Variational Seasonal-Trend Decomposition with Sparse Continuous-Domain Regularization

TL;DR

This paper introduces a variational method for recovering continuous seasonal and trend components from noisy measurements, with theoretical guarantees on spline representation and convergence of discretizations.

Contribution

It develops a novel variational framework with convex regularizations promoting sparsity, and proves convergence of discrete approximations to the continuous solution.

Findings

Minimizers are splines in both components.

Discrete approximations converge to the continuous solution.

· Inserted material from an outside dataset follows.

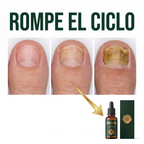 Micofin - Elimina el Hongo de la Uña en 7 Días 100% Natural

Framework effectively handles noise and limited measurements.

Abstract

We consider the inverse problem of recovering a continuous-domain function from a finite number of noisy linear measurements. The unknown signal is modeled as the sum of a slowly varying trend and a periodic or quasi-periodic seasonal component. We formulate a variational framework for their joint recovery by introducing convex regularizations based on generalized total variation, which promote sparsity in spline-like representations. Our analysis is conducted in an infinite-dimensional setting and leads to a representer theorem showing that minimizers are splines in both components. To make the approach numerically feasible, we introduce a family of discrete approximations and prove their convergence to the original problem in the sense of $\Gamma$-convergence. This further ensures the uniform convergence of discrete solutions to their continuous counterparts. The proposed framework offers a principled approach to seasonal-trend decomposition in the presence of noise and limited measurements, with theoretical guarantees on both representation and discretization.